Quando entro in classe, l’ultima cosa che cerco di fare è “inculcare” qualcosa ai miei studenti. Perché so che “inculcare” qualcosa significa educare all’obbedienza passiva, al farsi “instrumento” o “vaso” da riempire, come diceva Giordano Bruno, di nozioni, balbettii, assurdità, che sono sempre sbagliati perché non fanno mai i conti con quello che siamo realmente – per cui, alla lunga, ci schiacciano, ci calpestano, ci comprimono e reprimono Del resto, l’etimologia di “inculcare” è chiara: viene dal latino “calcare”, ossia calpestare, schiacciare con i piedi – ma anche pigiare, come a forza qualcosa in qualcos’altro.
Al contrario, quando ho a che fare con i miei studenti, il mio scopo è sempre quello di farne degli “artefici” (per dirla sempre con Bruno), degli innamorati del sapere e del sole intelligenziale che apre la via al fare, alla conoscenza e alla divinità (se è lecito, di questi tempi, parlare in questi termini…).
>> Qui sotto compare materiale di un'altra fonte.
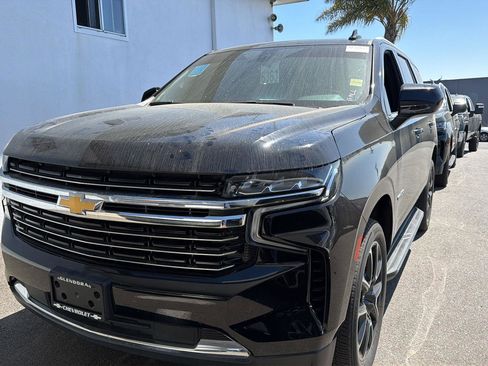 Used 2021 Chevrolet Tahoe LT image 1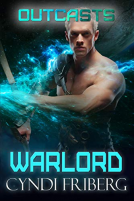 book cover for Warlord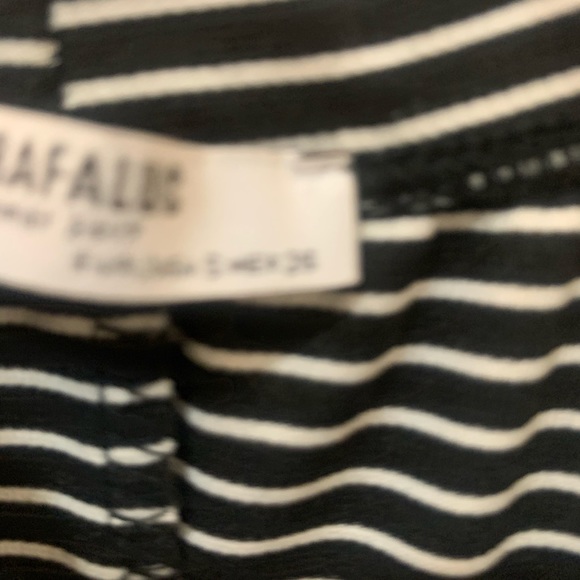 Zara Off the Shoulder Bodycon dress Sm - Picture 5 of 5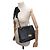 BORSA A MANO LANVIN HAPPY MEDIUM IN PELLE MATELASSÉ NERA TRACCOLLA - vista 7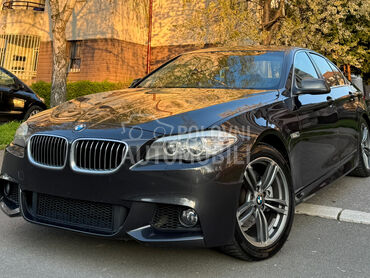BMW 520 M PAKET/NAV/KOZA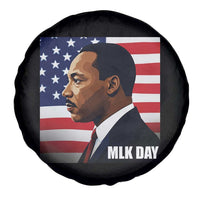 Martin Luther King Jr Spare Tire Cover Human Rights - Wonder Print Shop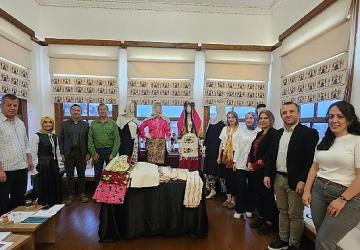 Kocaeli'nin yöresel kıyafetleri tescilleniyor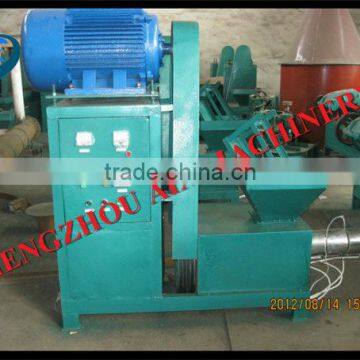 Hot Selling charcoal briquette machine for sawdust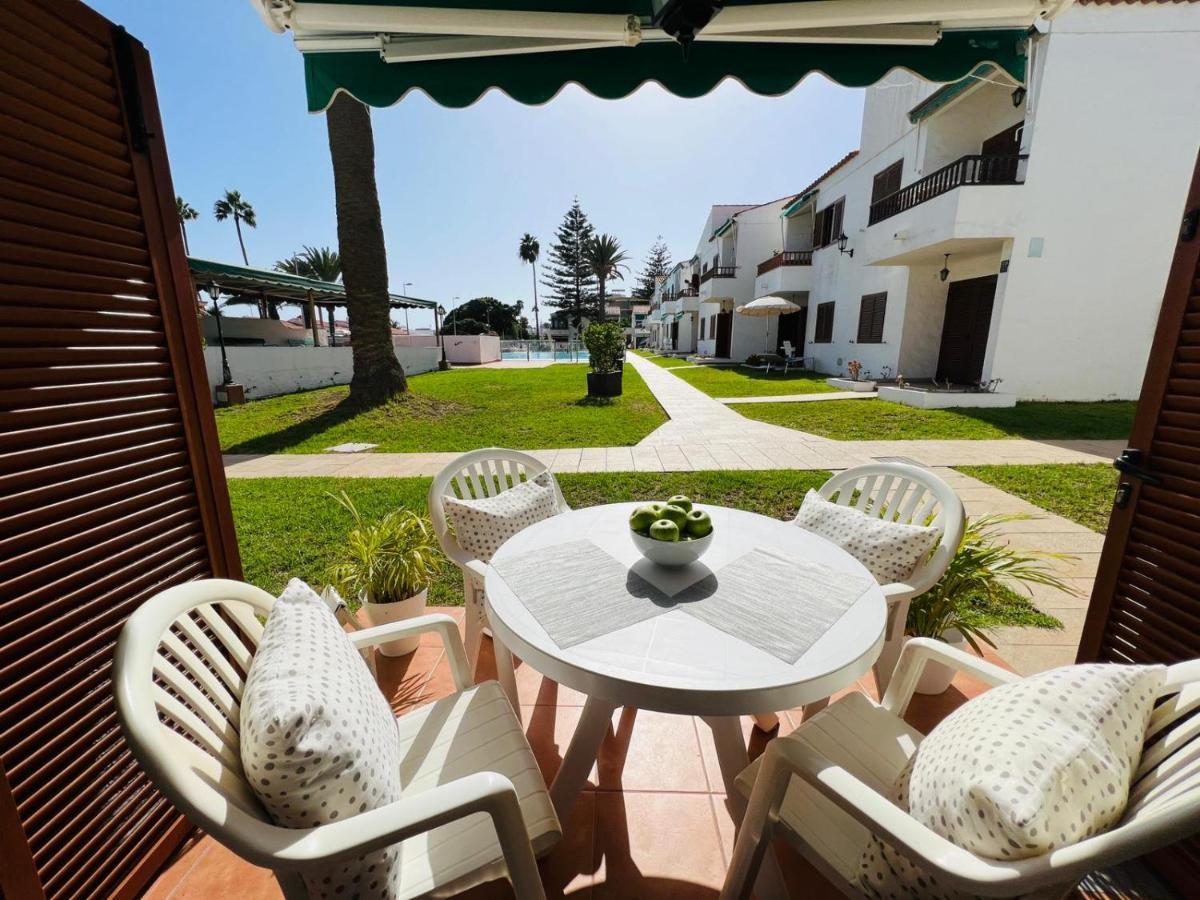 Apartamentos Los Balandros By Sunhousescanarias Maspalomas  Bagian luar foto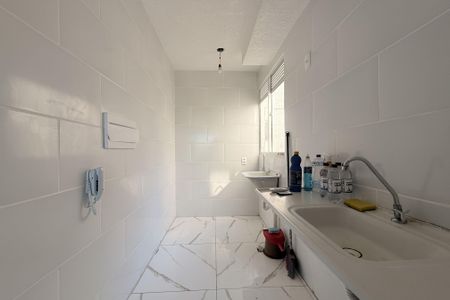 Apartamento para alugar com 46m², 2 quartos e 1 vagaCozinha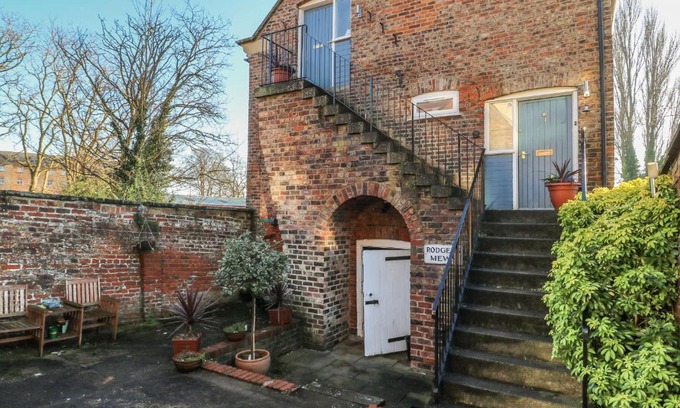Malton House | 1 Rodgers Mews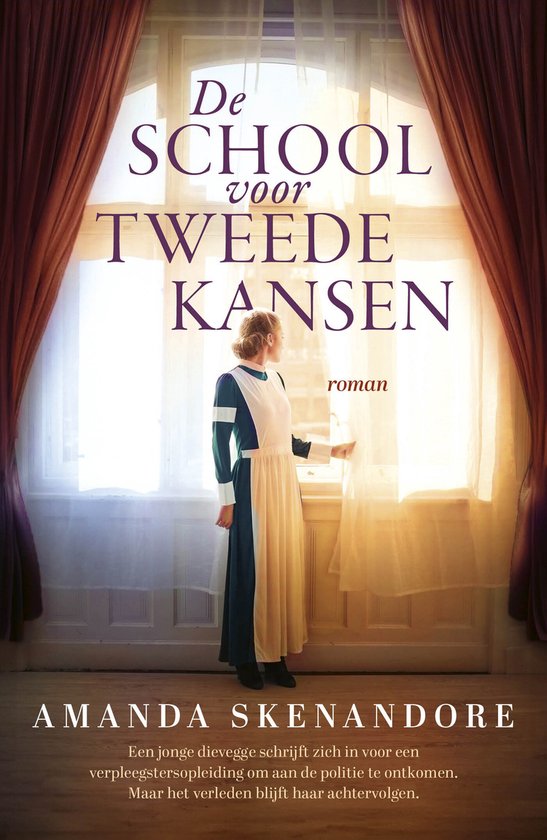 De school voor tweede kansen - cover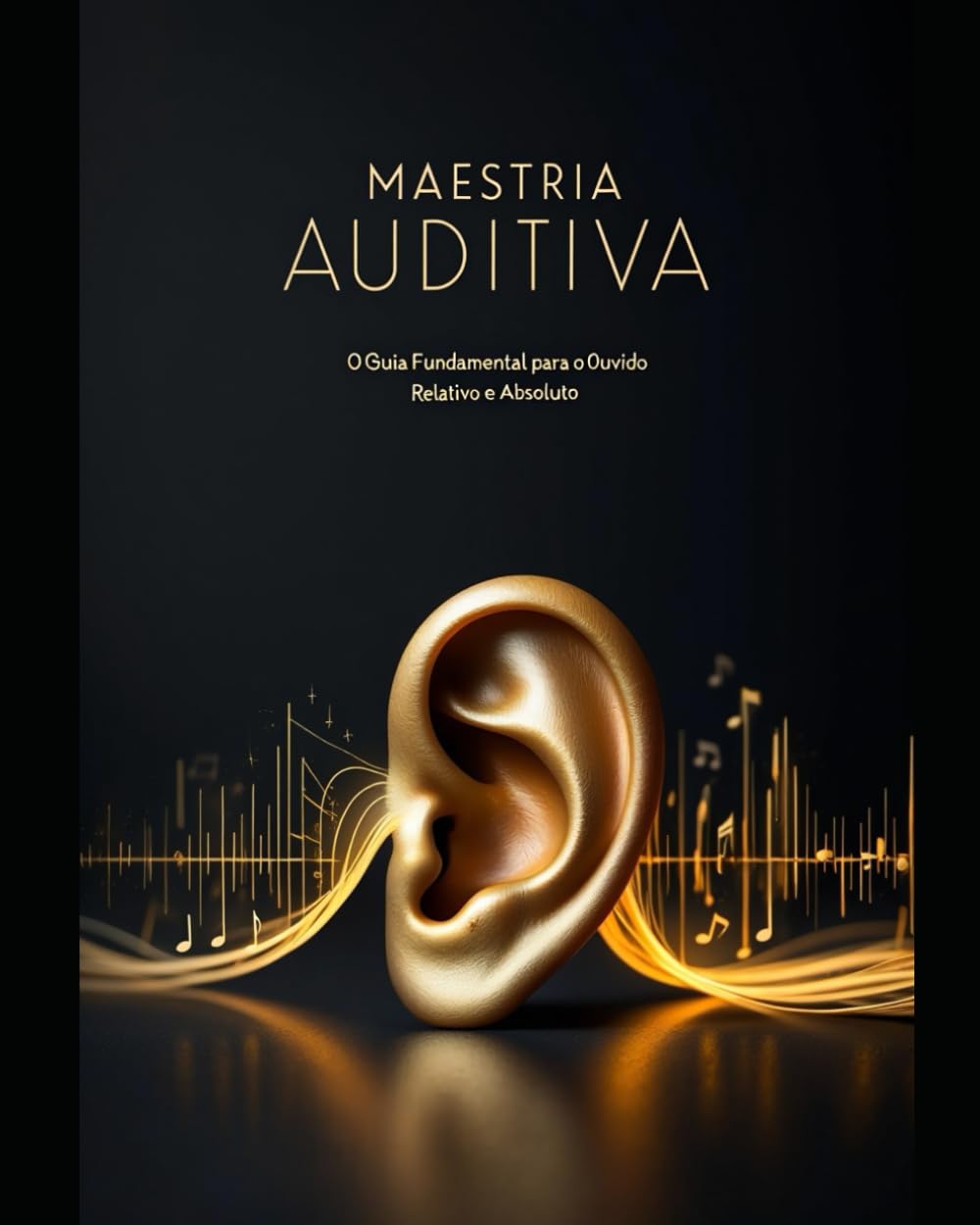 capítulo por capítulo baixar Maestria Auditiva: O Guia Fundamental para o Ouvido Relativo e Absoluto (Portuguese Edition)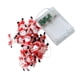 thumbnail image 5 of 1 unidad de guirnalda de luces LED decorativas navideñas colgantes, sin batería, 5 of 7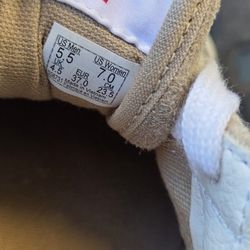 Vans Unisex Shoes M5.5 W7.0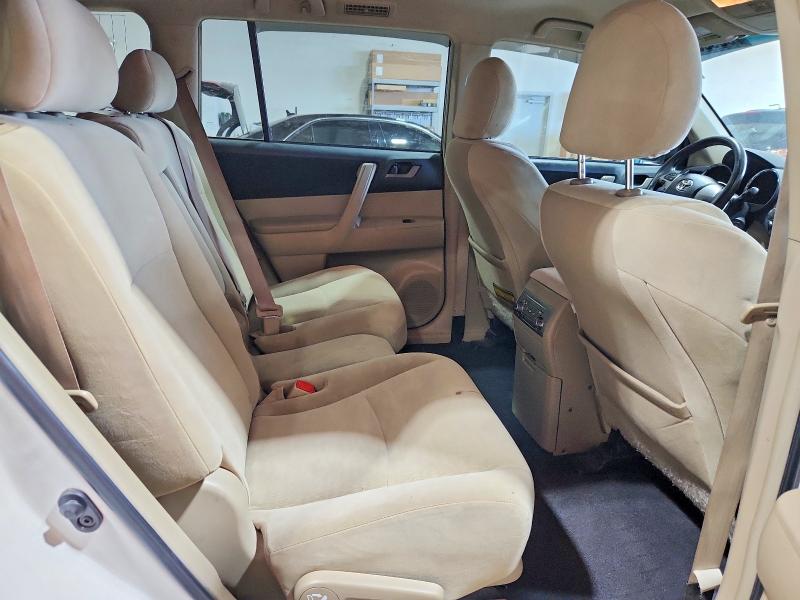 Продаж на аукціоні авто 2012 Toyota Highlander, vin: 5TDBK3EH0CS094532, номер лоту: 58698996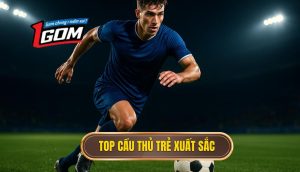 thumb - Top cầu thủ trẻ xuất sắc
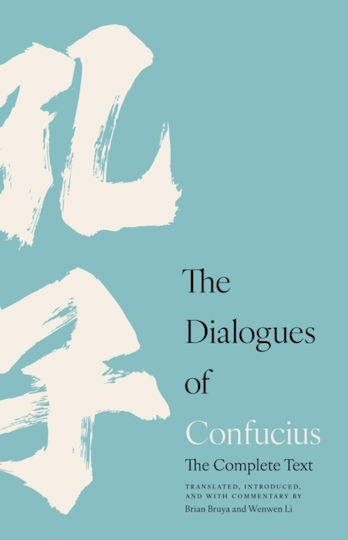 Dialogues Of Confucius - Princeton University Press - Hardback
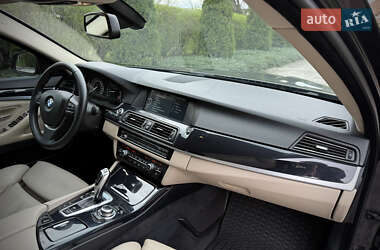 Седан BMW 5 Series 2012 в 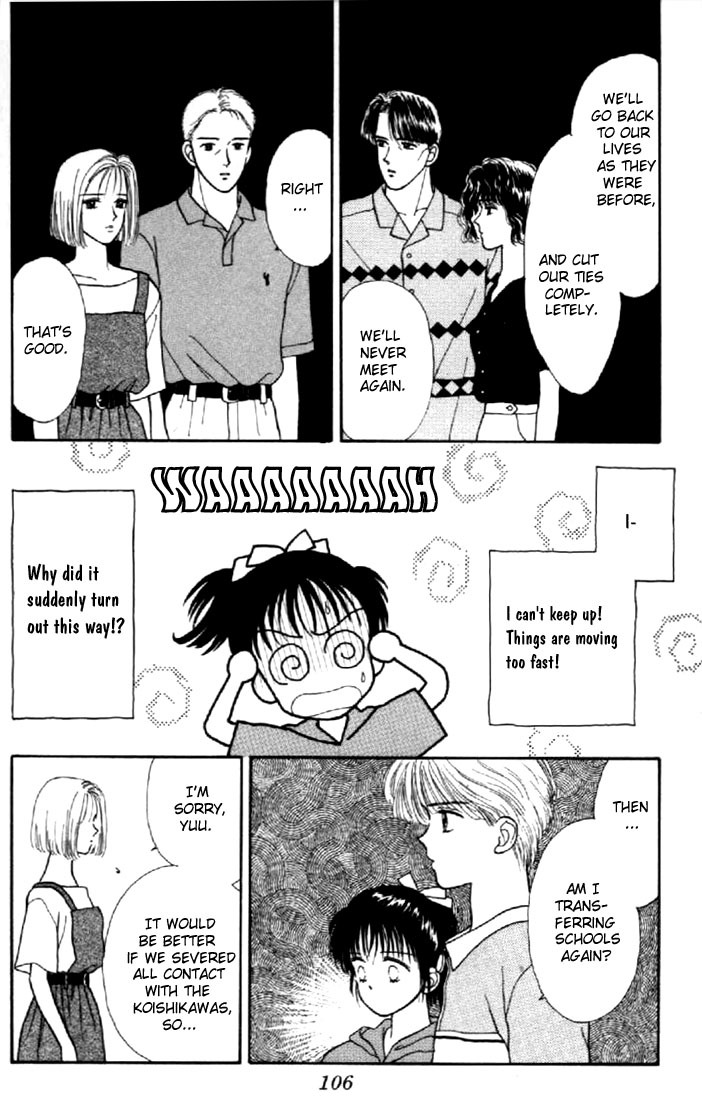 Marmalade Boy Chapter 3 page 25 - Chapter 3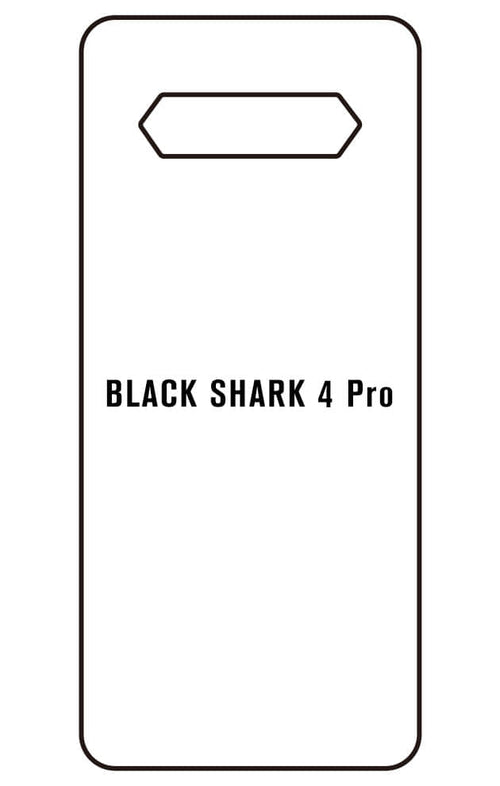 Film hydrogel BLACK SHARK 4 Pro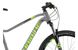 Велосипед Haibike SEET HardSeven 4.0 Deore19 HB 27.5 ", сіро-зелено-чорний, 2020 4 з 4
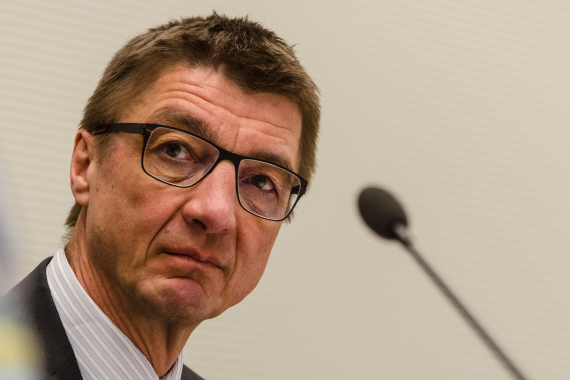 Andreas Schockenhoff, stellvertretender Fraktionsvorsitzender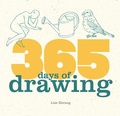 Cover: 365 Days of Drawing - Firefly Books Ltd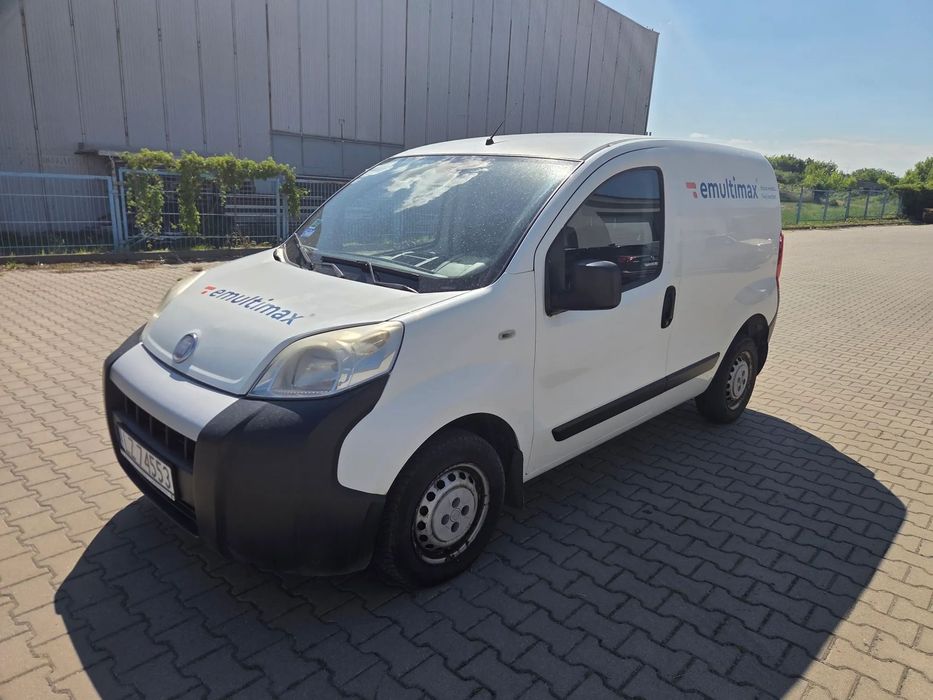 Fiat Fiorino Fiat Fiorino 1,3 JTD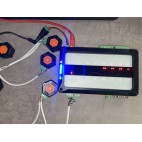 Modul monitorizare IP temperatura si umiditate RS485 
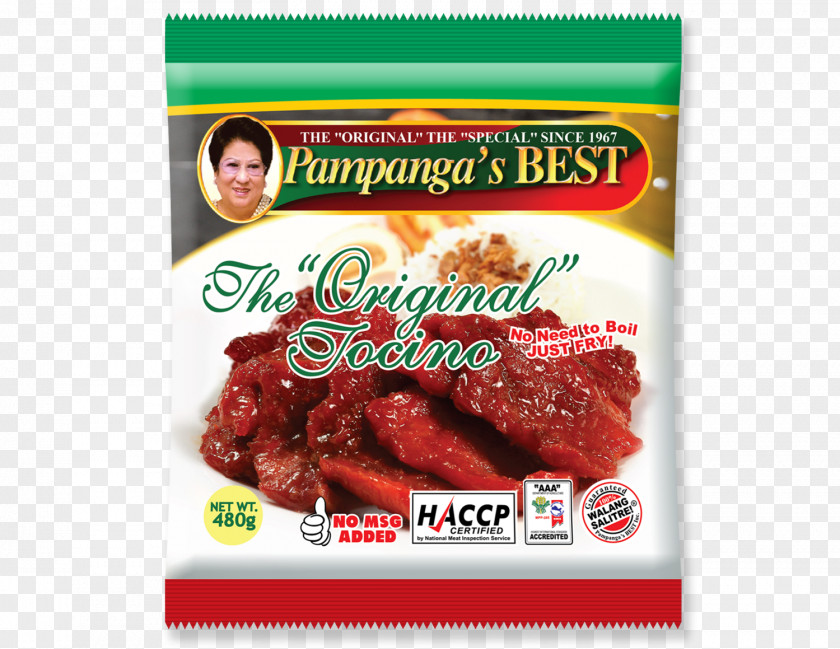 Breakfast Tocino Filipino Cuisine Pampanga's Best Plant Food PNG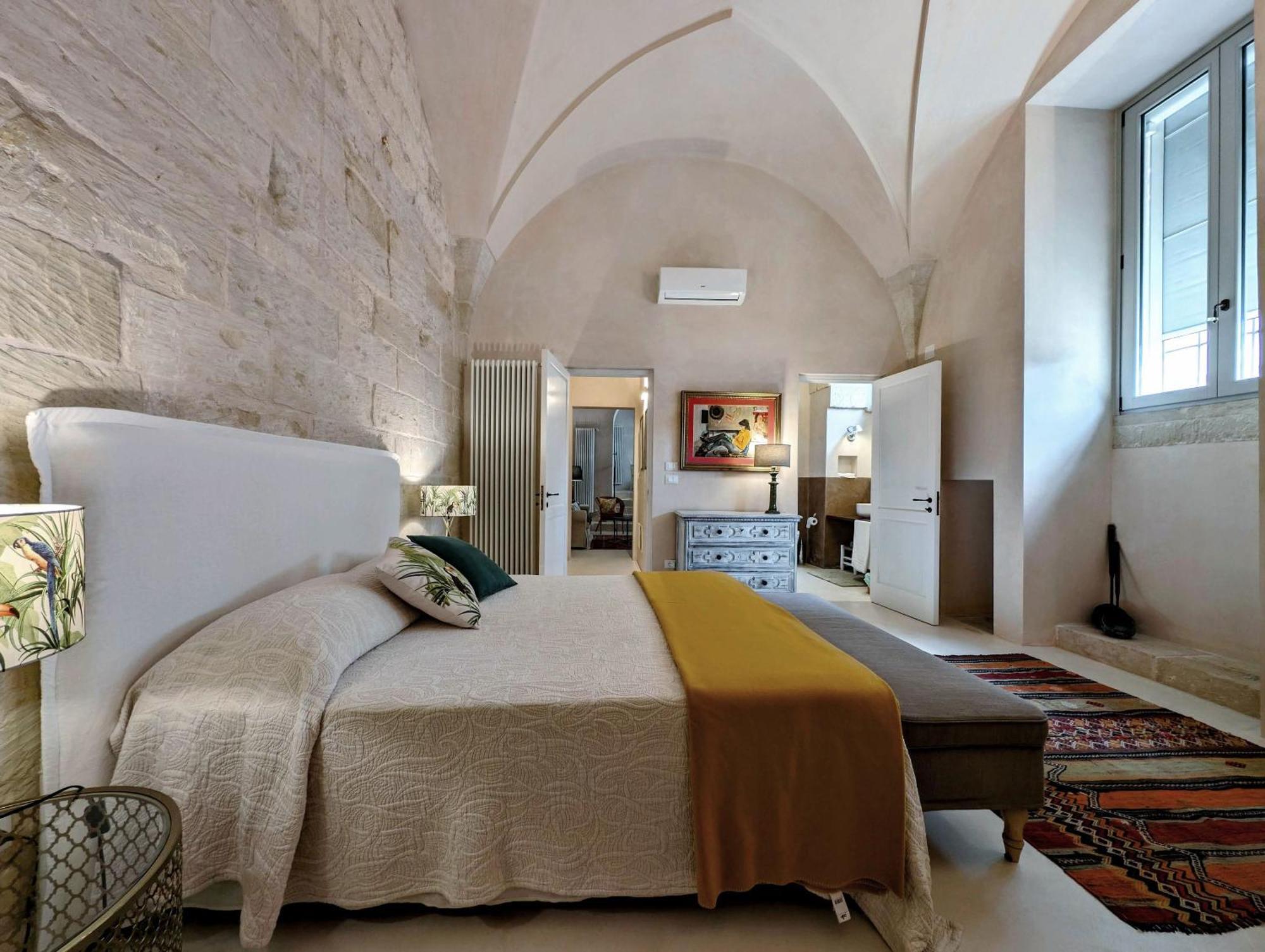La Casa Di Marina Apartamento Muro Leccese Exterior foto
Alla fine, non so nemmeno se si può parlare di “scopo”, da parte mia, perché “artefici” (non di se stessi, ma proprio del mondo!) si diventa da soli, con un innesto di volontà e passione, guidati dalle idee della bontà, della giustizia, della verità. E diventando “artefici”, si può arrivare fin dove si vuole, quasi senza limiti. Chi “inculca”, al contrario, calpesta e limita (“pigia”): e nessun pedagogo o filosofo – almeno da Sant’Agostino in avanti – mi risulta abbia mai utilizzato un termine del genere, così basso, per parlare di educazione.
Chi accetta di esser semplicemente un “vaso” o un “instrumento” – scrive Bruno – è come “un asino che porta i sacramenti”; chi è “artefice”, invece, è “come una cosa sacra” – è umanamente divino. E io, quando entro in una classe scolastica, preferisco avere a che fare con uomini e donne che aspirano all’umana divinità, non con degli asini, per quanto perfettamente apparati e abbelliti.